A Moda cria o chique e o brega. Funda o padrão de conduta a orientar o imaginário da integralidade das pessoas – o chique; como também o que (supostamente) não serve de referencial a ninguém – o brega. A Moda assume uma postura de estabelecimento de um padrão com pretensões universais. O chique se materializa na vida de cada um dos indivíduos como a grande meta a ser alcançada. O pensador francês, Guy Debord, fala em uma “Sociedade do Espetáculo”, na qual em um primeiro momento abandonamos o “ser” pelo “ter”, para após substituirmos o “ter” pelo “parecer ter”. Essa é a mais nefasta conseqüência que a relação de poder instituída pelo chique acaba promovendo: a frivolidade da ditadura da imagem faz com que as pessoas dêem sentido às coisas a partir de um referencial alheio as suas próprias vidas, portanto, vazio de si mesmas. A Moda impõe um materialismo efêmero, que termina por secar a nossa já escassa responsabilidade com os outros seres humanos. Nossa racionalidade acaba refém de uma verdade-do-objeto, muitas vezes gerando um vazio em nosso cotidiano.

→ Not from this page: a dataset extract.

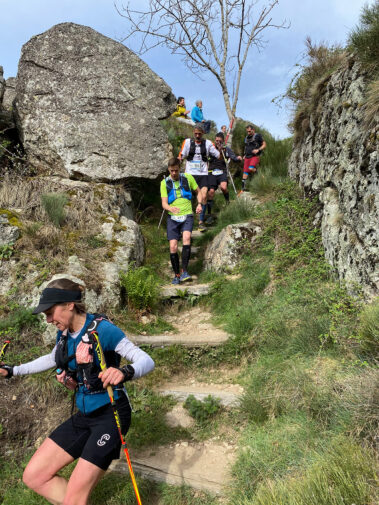 ardèche trail la voie romaine édition 2023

O brega surge como tudo que se põe de maneira diferente ao status quo imposto pelo chique. Ao nos depararmos com referências distintas ao "correto" - o chique, definimos como sendo algo brega; principalmente ao nos referirmos ao modo de vestir das pessoas. Ao elucidar a construção do Chique - enquanto essência do fenômeno da Moda - é possível retirar o véu de nossa ignorância ao acreditar que ele exista concretamente além de em nosso imaginário. A exteriorização do que concebemos como sendo o chique, assim, torna-se uma evidente grosseria.
O denominado brega se perfaz como o modo de ser-no-mundo das pessoas desfavorecidas pelas relações de poder. Aquelas que subjugadas cultural-economicamente pelos mais fortes, ficam aquém do considerado chique pelos donos do poder. São bregas, segundo os chiques, por não se adequarem às formas que o mundo das aparências implica como padrões de gosto e conduta. Não se adaptam as aparências, pois sobrevivem em um lócus onde impera a 'transparência'. Aliás, é exatamente esse o chique do brega, uma vez que não há nada mais chique que a luta que as pessoas humildes travam contra as adversidades diárias que a vida cotidiana lhes impõe. Distantes do que o senso comum define como a “etiqueta”, possuem as relações embasadas na simplicidade verdadeira que estrutura o chique do brega.
É válido lembrar, ainda, que no livro de Wilde, quando Dorian Gray tem a sua vontade atendida, transforma-se em um sujeito devasso, egoísta e mau; muito embora a beleza assegurada devido ao não envelhecimento obtido. Quiçá tamanha harmonia nas formas implique em tantas mazelas na alma como acontece com o personagem. Possivelmente seja esse o preço do chique!